Four Reasons Not To Freak Out Over Annual Fees

So you got to this site by the promise of an awesome deal. Then, buried near the bottom of the post, we mention that the card you need to use comes with a $450 annual fee! What gives?

Our favorite cards, and their annual fees, are: The Chase Sapphire Reserve ($450), the Citi Prestige ($450), The Chase Sapphire Preferred ($95, waived first year), and the Amex Premier Rewards Gold ($195, waived first year).

After the waived first years, carrying these four cards would cost you $1,190 per year. That does sound crazy! But here's why you should not be scared away by annual fees (read all of these, they aren't in any particular order because they will matter differently for different people):

1. The signup bonus will always be more valuable than the first year's annual fee

You're signing up for many of these cards mostly for the sign-up bonus. A 50,000 sign-up on any of these cards is always worth at least $500, so you're easily net positive that way. But hey, you wanted 50,000 FREE points, not to waste your time and energy to pay $450 for 50,000 points! So look onto number two.

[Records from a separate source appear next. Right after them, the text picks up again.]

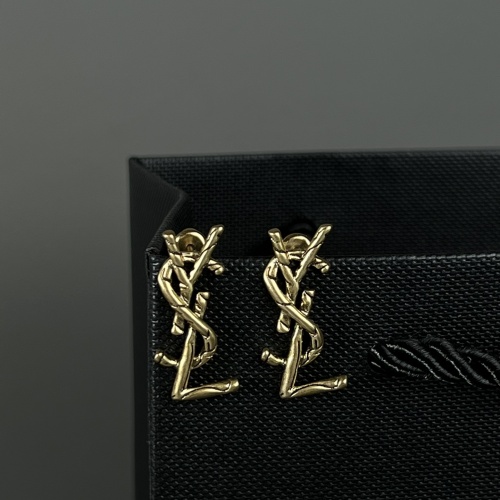 Yves Saint Laurent YSL Earring For Women #968972 $34.00 USD, Wholesale ...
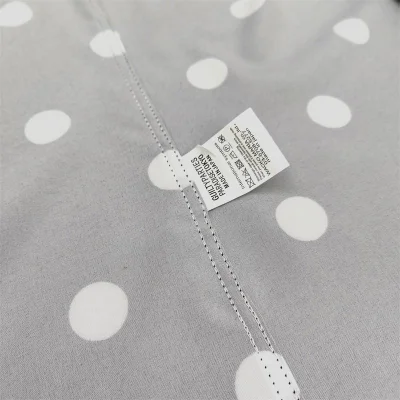 Рубашка Wacko Maria Polka Dots "Black" фото № 2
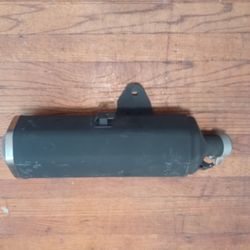 Kawasaki Exagust NINJA 400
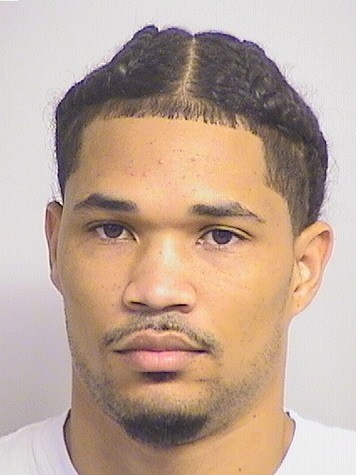 mugshot of Irvin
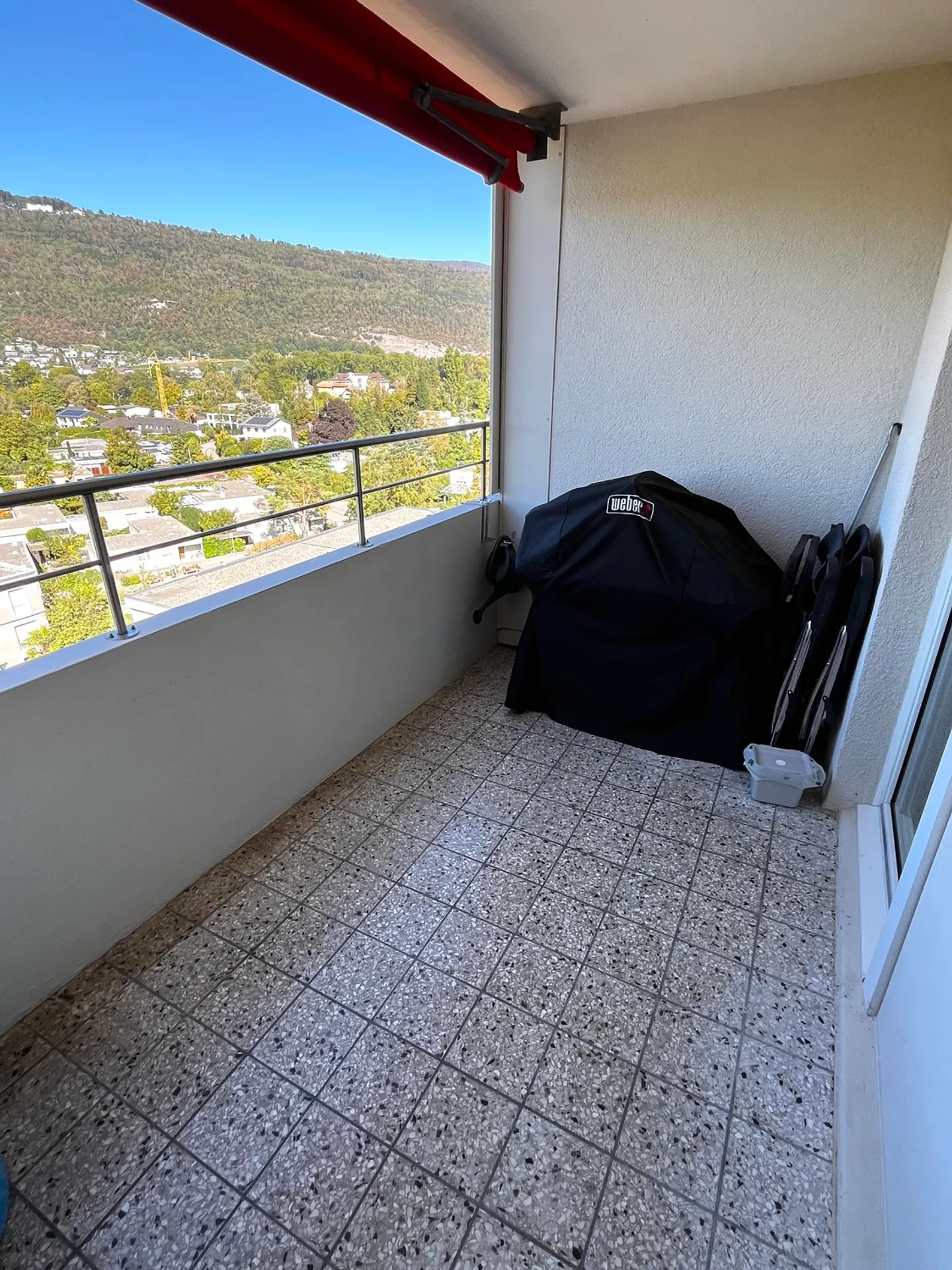 APPARTEMENT 2 PIÈCES À NIDAU (BE), MEUBLÉ, TEMPORAIRE - Photo 8 sur 9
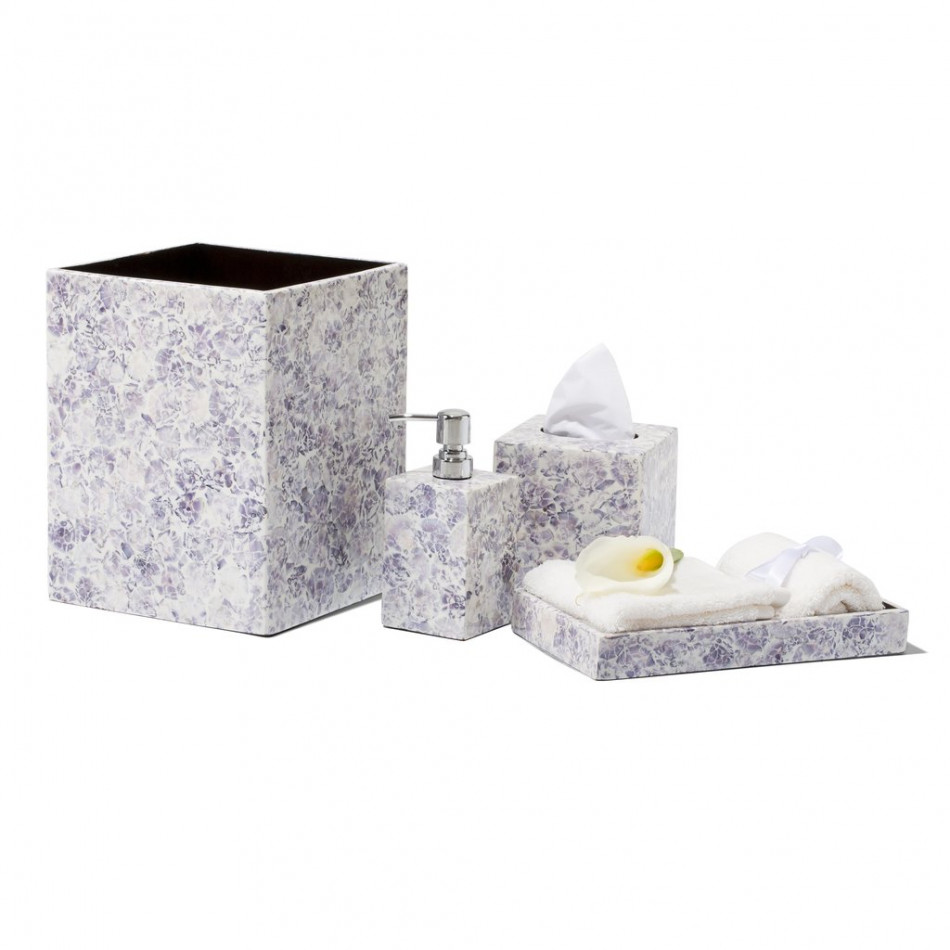 Coralina Bath Accessories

2. These fees are almost all offset by travel credits

Each of these cards, except for the $95 per year Chase Sapphire Preferred, has a travel credit you can use on certain travel expenses. For the Reserve it is $300, for the Prestige $250, and for the Amex $100. That means if you can find a way to use these credits on things you were going to buy anyways, your annual fee is effectively decreased.

What's more, you can get these credits TWICE IN THE FIRST YEAR because it is given by calendar year. For the three most expensive above cards, using the travel credit twice will more than offset the annual fee for the first year. Of course, if you hold the card, you only get one credit per year you pay the annual fee, which is why we have number three.

3. You don't have to keep these cards longer than a year

You can almost always downgrade your card to a no-fee option after the first year to avoid the second year's annual fee. The no-fee card will not give you the great benefits of the better card, andto keep travel hacking you should probably not use it, but it will just sit their keeping your payment history pristine and your credit utilization low.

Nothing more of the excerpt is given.